Out-of-Memory Kill Event during validation and prediction after successful training

BramRoumen commented 5 months ago

Hello!

Thank you very much for sharing nnUNet with us! I'm currently experiencing an issue with two trained nnUNetv2 3d-fullres models on a custom dataset (median image shape 481x681x681). Despite successful training, the process encounters an out-of-memory (OOM) kill event during the final validation stage, regardless of whether the --npz flag is enabled or disabled. The same OOM issue arises during prediction with the trained models. Previously, I successfully trained, validated, and tested another nnUNetv2 3d-fullres model on this dataset. The only difference between the successful model and the two that are failing is the number of labels. The successful model was trained with 5 labels, while the two failing models were trained for 11 and 33 labels respectively.

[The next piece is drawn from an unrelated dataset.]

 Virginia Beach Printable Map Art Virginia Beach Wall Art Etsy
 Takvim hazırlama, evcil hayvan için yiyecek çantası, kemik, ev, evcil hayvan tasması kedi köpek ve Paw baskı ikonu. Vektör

I work in a cluster environment with 8 x Nvidia A40 48GB GPUs and 504GB of RAM available. My slurmscript specifies --ntasks=6 and --mem=52G. I have even tried --ntasks 1 and --mem 256G. Yet it runs out of memory.

This is the error message printed in the error log:

Traceback (most recent call last):
  File "/trinity/home/r060801/venv_CMF_nnUNetv2_py3.11/bin/nnUNetv2_train", line 8, in <module>
    sys.exit(run_training_entry())
             ^^^^^^^^^^^^^^^^^^^^
  File "/trinity/home/r060801/venv_CMF_nnUNetv2_py3.11/lib/python3.11/site-packages/nnunetv2/run/run_training.py", line 274, in run_training_entry
    run_training(args.dataset_name_or_id, args.configuration, args.fold, args.tr, args.p, args.pretrained_weights,
  File "/trinity/home/r060801/venv_CMF_nnUNetv2_py3.11/lib/python3.11/site-packages/nnunetv2/run/run_training.py", line 214, in run_training
    nnunet_trainer.perform_actual_validation(export_validation_probabilities)
  File "/trinity/home/r060801/venv_CMF_nnUNetv2_py3.11/lib/python3.11/site-packages/nnunetv2/training/nnUNetTrainer/nnUNetTrainer.py", line 1190, in perform_actual_validation
    proceed = not check_workers_alive_and_busy(segmentation_export_pool, worker_list, results,
                  ^^^^^^^^^^^^^^^^^^^^^^^^^^^^^^^^^^^^^^^^^^^^^^^^^^^^^^^^^^^^^^^^^^^^^^^^^^^^
  File "/trinity/home/r060801/venv_CMF_nnUNetv2_py3.11/lib/python3.11/site-packages/nnunetv2/utilities/file_path_utilities.py", line 103, in check_workers_alive_and_busy
    raise RuntimeError('Some background workers are no longer alive')
RuntimeError: Some background workers are no longer alive
slurmstepd: error: Detected 11 oom-kill event(s) in step 354129.batch cgroup. Some of your processes may have been killed by the cgroup out-of-memory handler.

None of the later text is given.